デジタル人材の育成

2022年度未踏ターゲット事業採択プロジェクト概要(小野PJ)

最終更新日:2022年5月27日

1.担当PM

  • 山本 直樹(慶應義塾大学 量子コンピューティングセンター センター長/理工学部 物理情報工学科 教授・博士(情報理工学))

2.採択者氏名

  • 小野 宏史(株式会社MILIZE)

3.採択金額

  • 1,800,000円

4.プロジェクト名

  • 量子バンディットアルゴリズムの実験的検証とAPI開発

5.応募部門

  • ベーシック部門

6.応募枠

  • 通常枠

7.関連Webサイト

  • なし

8.申請プロジェクト概要

既存の計算技術を凌駕する量子計算について、これまでに様々な提案がなされてきた。量子計算が優位性をもつ例をあげると、N個のデータベース探索問題を、平方根のオーダーで探索可能にするグローバーのアルゴリズムがある。

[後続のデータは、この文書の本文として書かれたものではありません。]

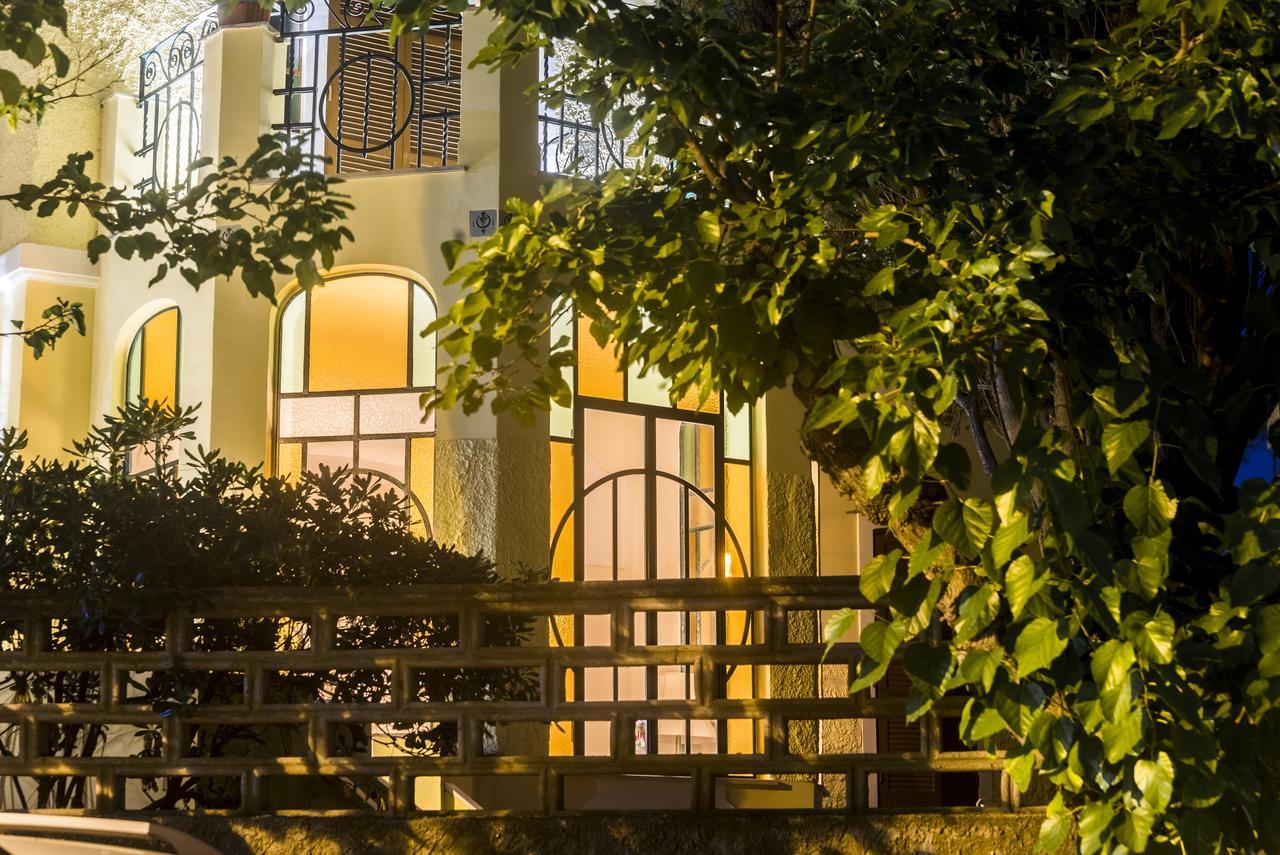 Bed and Breakfast Villino Emanuele Santa Marinella Zewnętrze zdjęcie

本プロジェクトでは、選択肢から得られる方策に従い行動を変化させ報酬を最大化するバンディットアルゴリズムに注目する。そして、これに上述の量子探索アルゴリズムを応用した量子版バンディットアルゴリズムの有用性を明らかにする。具体的には、先行研究として近年理論的な提案がなされているが、実データによる検証、応用例については、これまでほとんど論じられていないため、今回の研究で明らかにする。さらに、複数のモデルを組み合わせることにより精度向上を可能にするアンサンブル学習を、量子バンディットアルゴリズムに応用した提案の有用性を明らかにする。とくに、より実践的な問題設定である、ユーザーの属性を考慮した文脈付きバンディットアルゴリズムに拡張した場合において、グローバー探索のアルゴリズムと量子と古典のアンサンブル手法による有用性の研究を行う。

実用化に向け、上記研究で得られたモデルやアルゴリズムを、クラウドコンピューティングリソースにデプロイメントを行い、誰でも使用可能なシステムを構築・実装する。

9.採択理由

バンディットアルゴリズムは「選択肢が複数あり、どの選択肢を選ぶと効果が高いが事前には不明」という状況下で効率的な選択則を与えるもので、広告配信など様々な応用があります。そして、このアルゴリズムは、量子計算機上では従来より少ない問い合わせ回数で実行できる可能性があります。

本プロジェクトは量子計算機上でバンディットアルゴリズムを走らせ、その効果を検証するためのソフトとAPI開発を世界で初めて行うものであり、大きな意義があります。機械学習エンジニアによる出口思考のプロ実装力と開発物が大きく期待されます。

更新履歴

  • 2022年5月27日

    2022年度採択プロジェクト概要(小野PJ)を掲載しました。